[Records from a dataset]

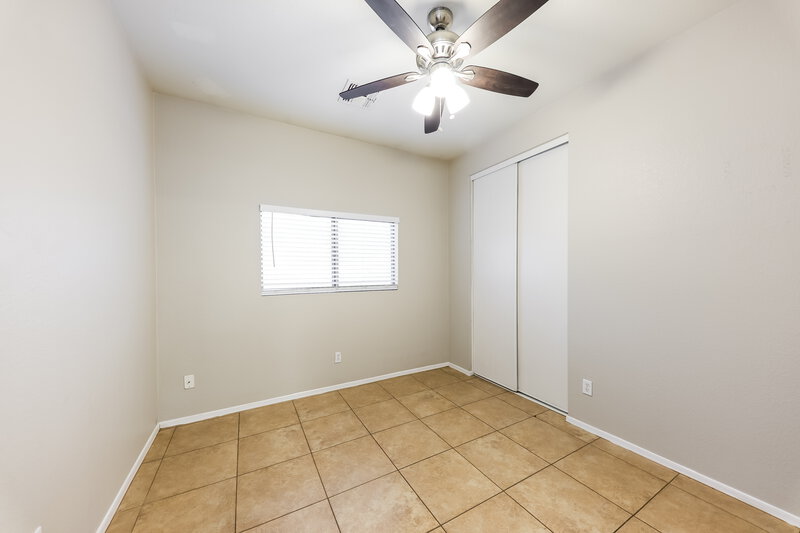 2,180/Mo, 15438 W Cameron Drive Surprise, AZ 85379 Bedroom View 3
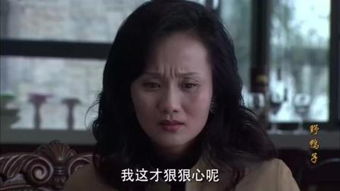 野鴨子娜娜是誰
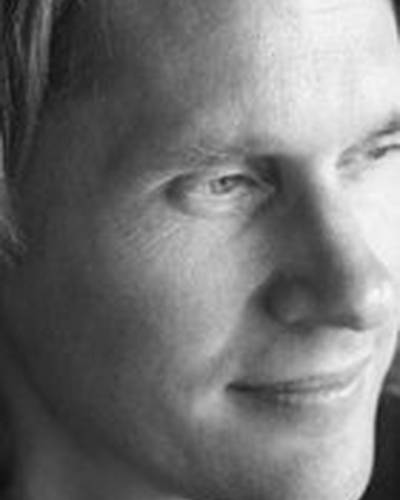 Джефф Лестер фото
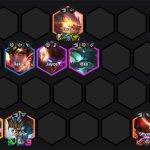 dragon-tft-comp
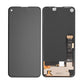 LCD Touch Screen Assembly 5.8" For Google Pixel 4a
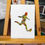 Thumbnail: Green Kicker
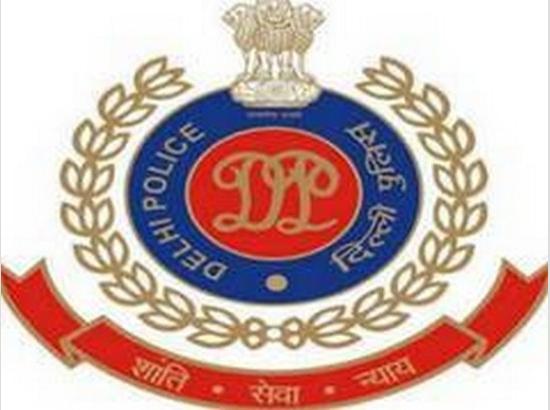 Delhi Police appeals for peace, seeks cooperation from people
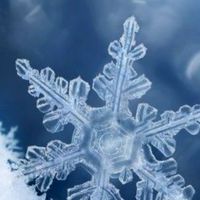 なにか起こった時の避難用サブオプ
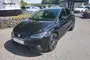 2020 SEAT Ibiza 1.0 TSI 95 FR Sport [EZ] 5dr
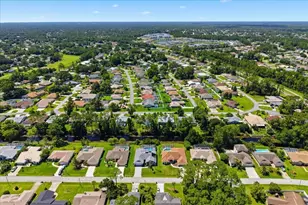 56 Westbury Ln, Palm Coast, FL 32164 - Photo 57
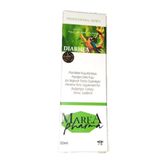 Marea Pharma Diarhea Marea Kuş Vitamini 30 ml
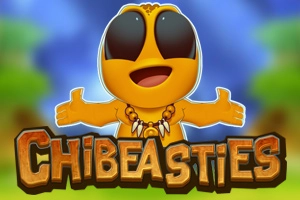 Chibeasties pokie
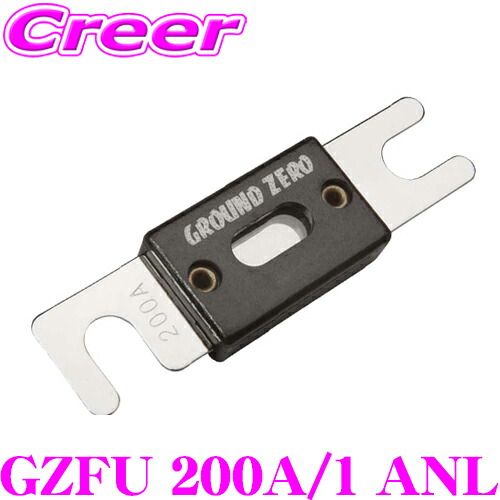 グラウンド・ゼロ キャパシター グラウンド・ゼロ キャパシター 電気二重層コンデンサ（スーパー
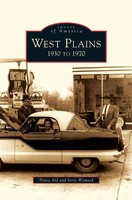 Toney Aid (U. A.) | West Plains | Buch | Englisch (2010) | 1930 To 1970
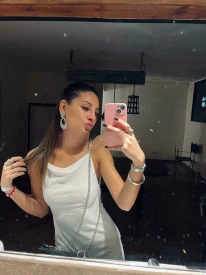 xiomara, text-prepagos en Ibagué 3102599938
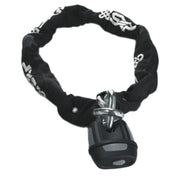 SXP heavy duty chain lock 120cm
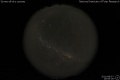 2010/8/7 19:09’26”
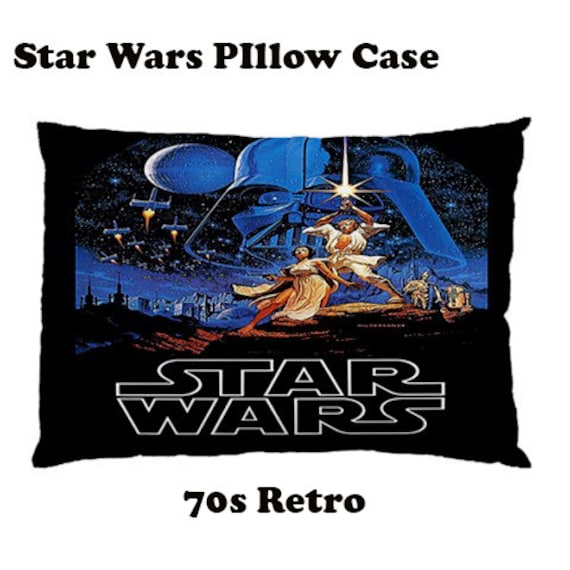 Pilou pilou star wars hotsell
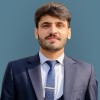 Reviewer Profile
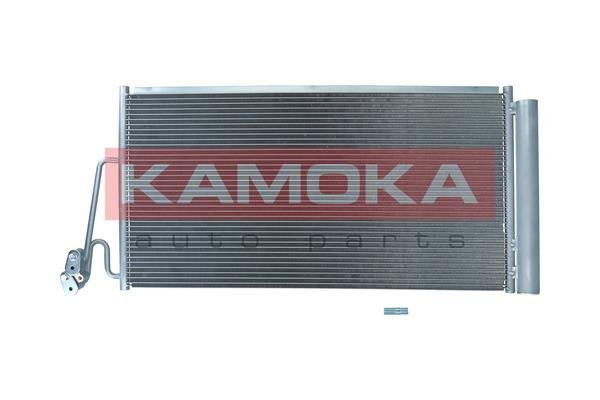 KAMOKA 7800010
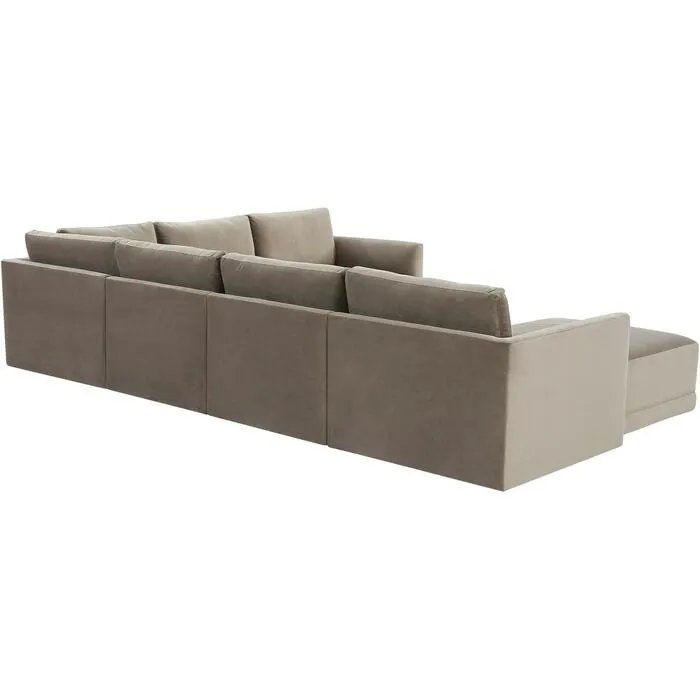 Tov-Furniture-RENL03110SEC5-2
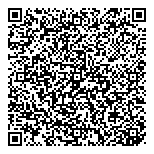QR код "БОРС-Москва"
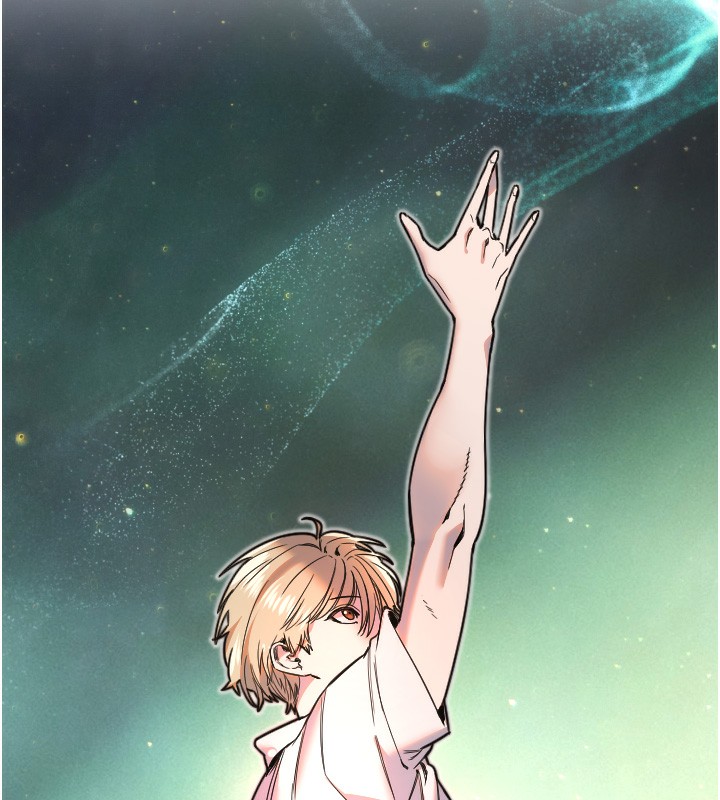 守护天使第27話-保護我的女人!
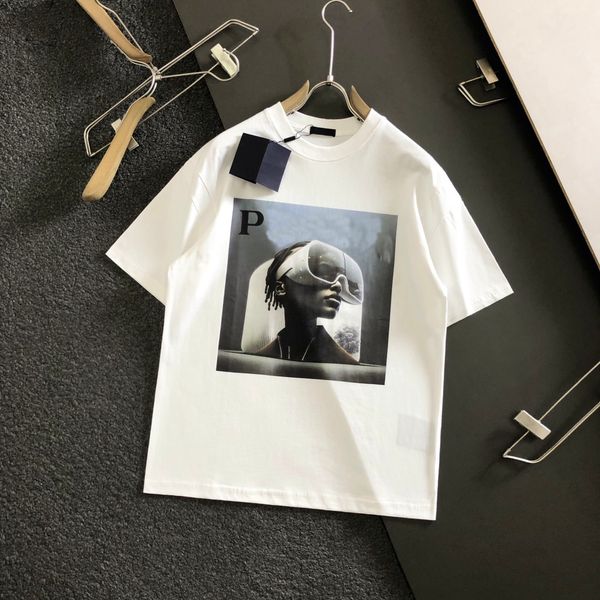 most men t shirts luxury new leisure tshirts imported chest high density embroidery design cotton round neck offset print from outer space t, White;black
most men t shirts luxury new leisure tshirts imported chest high density embroidery design cotton round neck offset print from outer space t, White;black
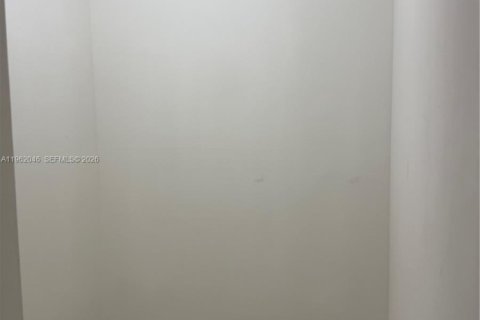 Купить таунхаус в Майами, Флорида 3 спальни, 115.66м2, № 2023919 - фото 12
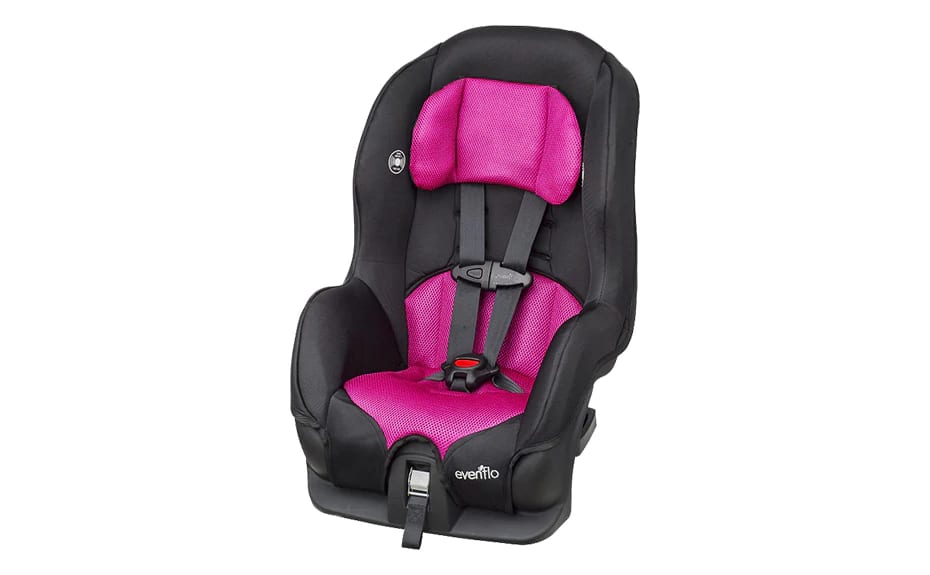 障害児用 キャロット3 カーシート CARROT CARROT3 [障害児用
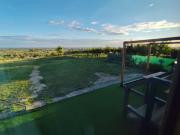 Top Sandomierz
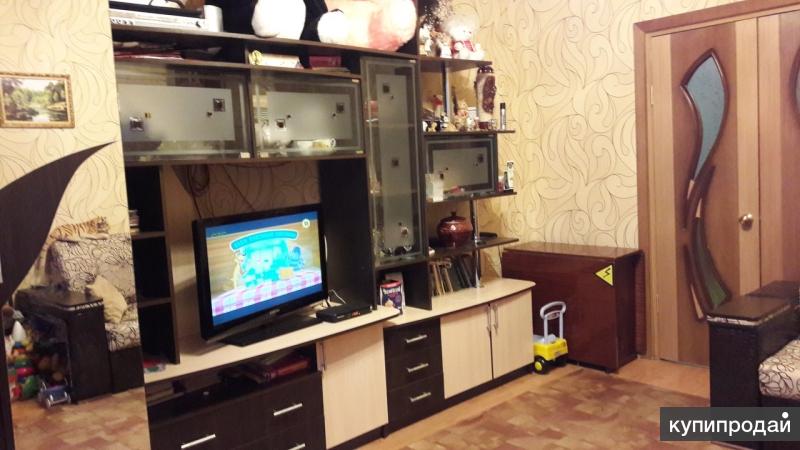 Авито Купить Квартиру В Туймазах 2 Комнатную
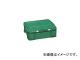 ꥹ/RISU ٥BOX19 BOX19(1286773) JAN4909818075667
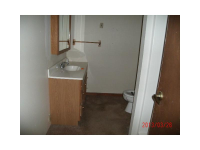 8870 N 300 E, Morristown, Indiana  Image #6355558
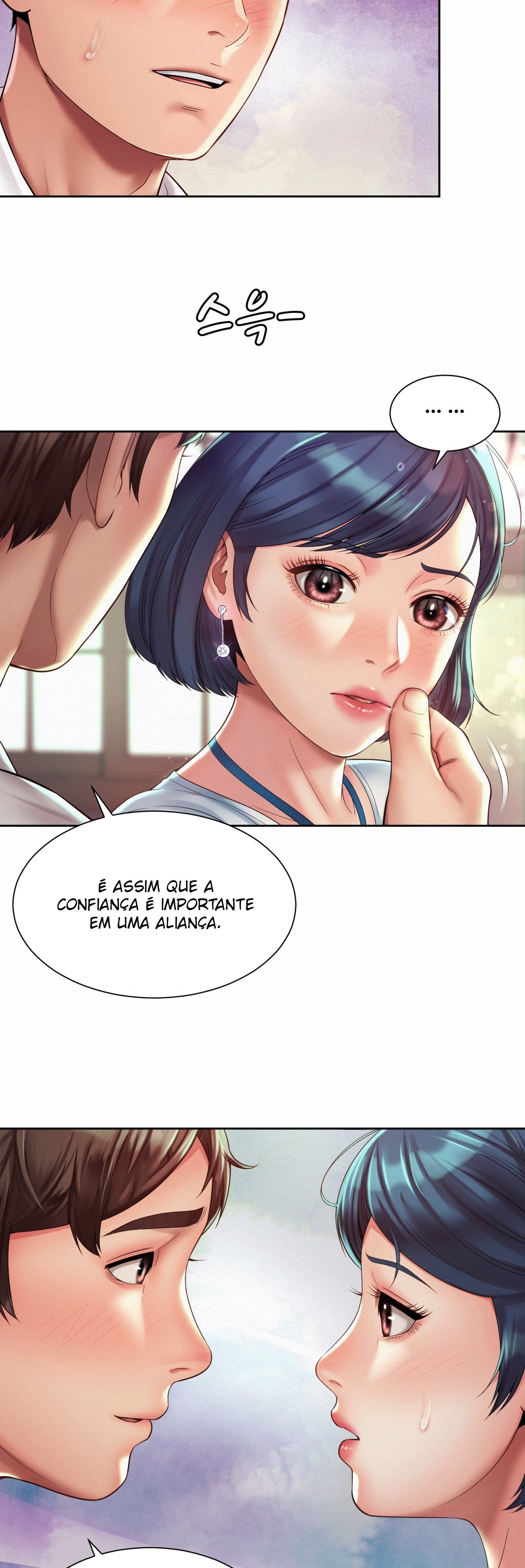 Pagina 6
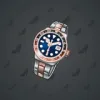 Swiss Watch #21196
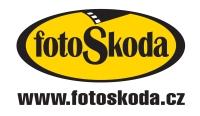 foto koda 2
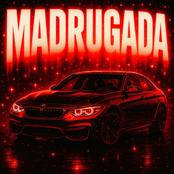 MADRUGADA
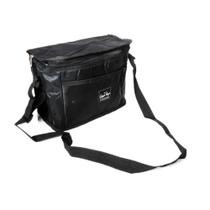 Bolsa Térmica G Transversal Multiuso Feminino Masculino Yepp LAN11022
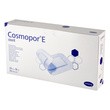 Cosmopor E, plastry opatrunkowe jałowe, 20 x 10 cm, 25 szt.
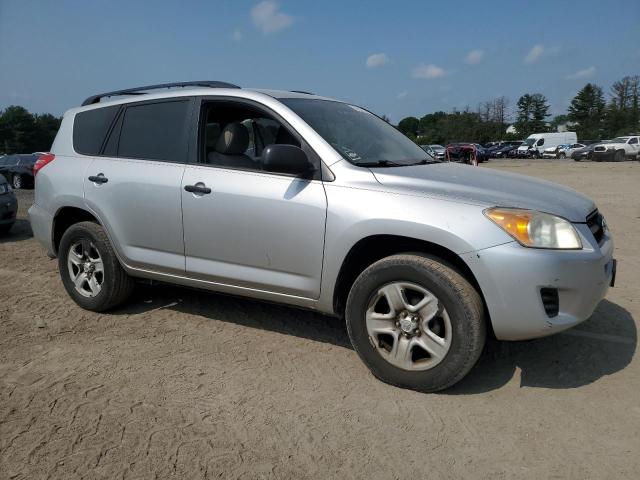 Vin: 2t3bf4dv1bw133823, lot: 59407365, toyota rav4 20114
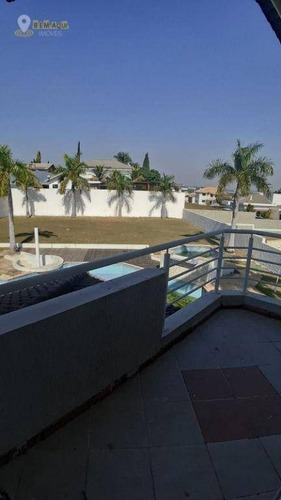 Imagem 27 de 30 de Oportunidade !!!! Casa No Condomínio Village Castelo - Ca0962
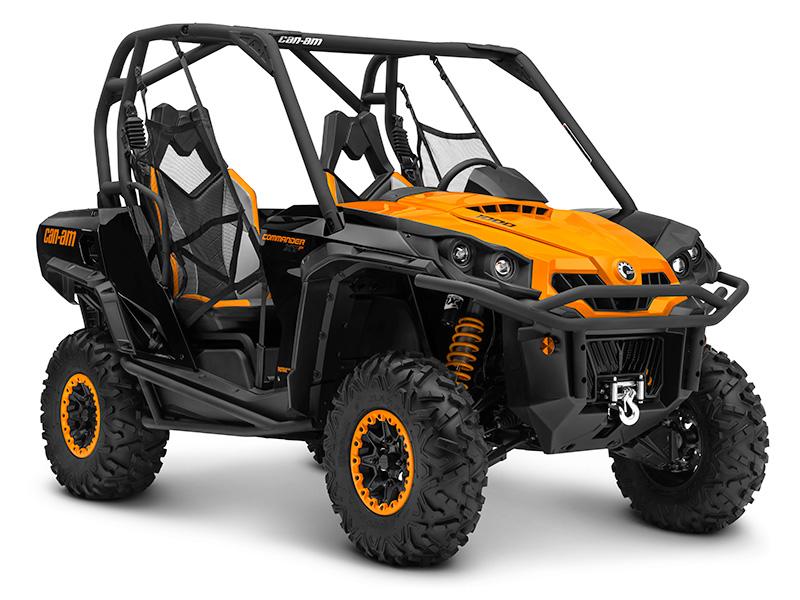 2015-can-am-commander-1000-limited-1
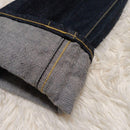 A Bathing Ape Straight Jeans S Y2K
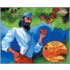 Johnny Appleseed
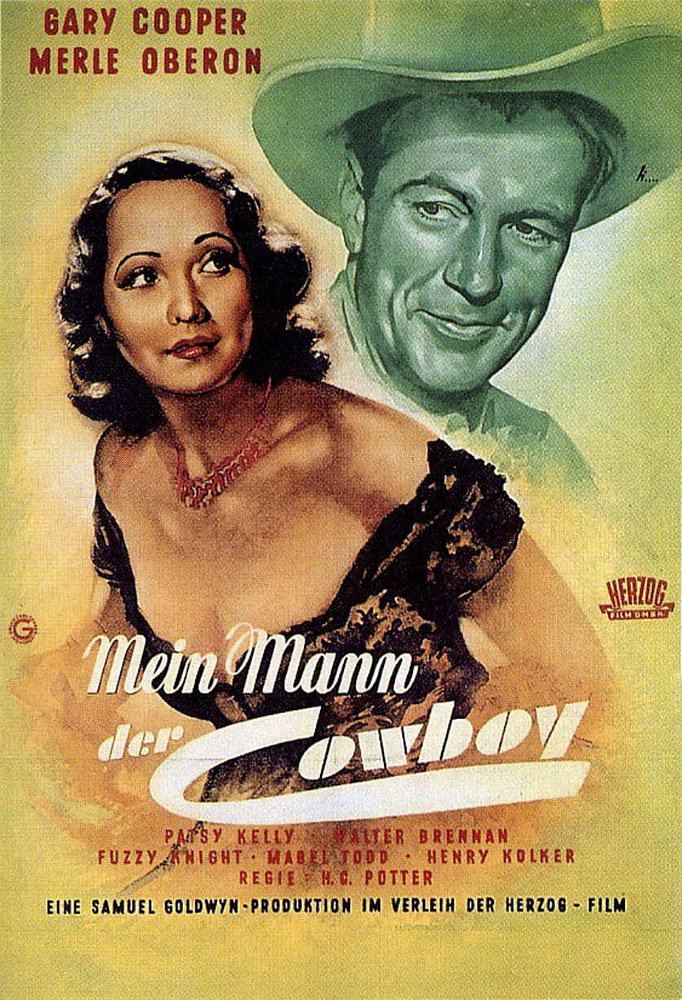 Ковбой и леди / The Cowboy and the Lady (1938) отзывы. Рецензии. Новости кино. Актеры фильма Ковбой и леди. Отзывы о фильме Ковбой и леди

[Your objective]
The records above are to be repeated exactly, with every picture removed from the copy.

[Output of the exercise]
 2,180/Mo, 15438 W Cameron Drive Surprise, AZ 85379 Bedroom View 3
 野鴨子娜娜是誰
 Джефф Лестер фото
 dragon-tft-comp
 LCD Touch Screen Assembly 5.8" For Google Pixel 4a
 Thumbnail: Green Kicker
 Delhi Police appeals for peace, seeks cooperation from people
 なにか起こった時の避難用サブオプ
 2020 SEAT Ibiza 1.0 TSI 95 FR Sport [EZ] 5dr
 56 Westbury Ln, Palm Coast, FL 32164 - Photo 57
 Marea Pharma Diarhea Marea Kuş Vitamini 30 ml
 Chibeasties pokie
 グラウンド・ゼロ キャパシター グラウンド・ゼロ キャパシター 電気二重層コンデンサ（スーパー
 Toney Aid (U. A.) | West Plains | Buch | Englisch (2010) | 1930 To 1970
 xiomara, text-prepagos en Ibagué 3102599938
 SXP heavy duty chain lock 120cm
 2010/8/7 19:09’26”
 Pilou pilou star wars hotsell
 Reviewer Profile
 KAMOKA 7800010
 Tov-Furniture-RENL03110SEC5-2
QR код "БОРС-Москва"
 守护天使第27話-保護我的女人!
 most men t shirts luxury new leisure tshirts imported chest high density embroidery design cotton round neck offset print from outer space t, White;black
most men t shirts luxury new leisure tshirts imported chest high density embroidery design cotton round neck offset print from outer space t, White;black
 Купить таунхаус в Майами, Флорида 3 спальни, 115.66м2, № 2023919 - фото 12
 障害児用 キャロット3 カーシート CARROT CARROT3 [障害児用
 Top Sandomierz
 Авито Купить Квартиру В Туймазах 2 Комнатную
 ꥹ/RISU ٥BOX19 BOX19(1286773) JAN4909818075667
 8870 N 300 E, Morristown, Indiana  Image #6355558
 Pagina 6
 Swiss Watch #21196
 foto koda 2
 MADRUGADA
 Bolsa Térmica G Transversal Multiuso Feminino Masculino Yepp LAN11022
 Cosmopor E, plastry opatrunkowe jałowe, 20 x 10 cm, 25 szt.
 Vin: 2t3bf4dv1bw133823, lot: 59407365, toyota rav4 20114
 Imagem 27 de 30 de Oportunidade !!!! Casa No Condomínio Village Castelo - Ca0962
 2015-can-am-commander-1000-limited-1
 A Bathing Ape Straight Jeans S Y2K
 Johnny Appleseed
 Ковбой и леди / The Cowboy and the Lady (1938) отзывы. Рецензии. Новости кино. Актеры фильма Ковбой и леди. Отзывы о фильме Ковбой и леди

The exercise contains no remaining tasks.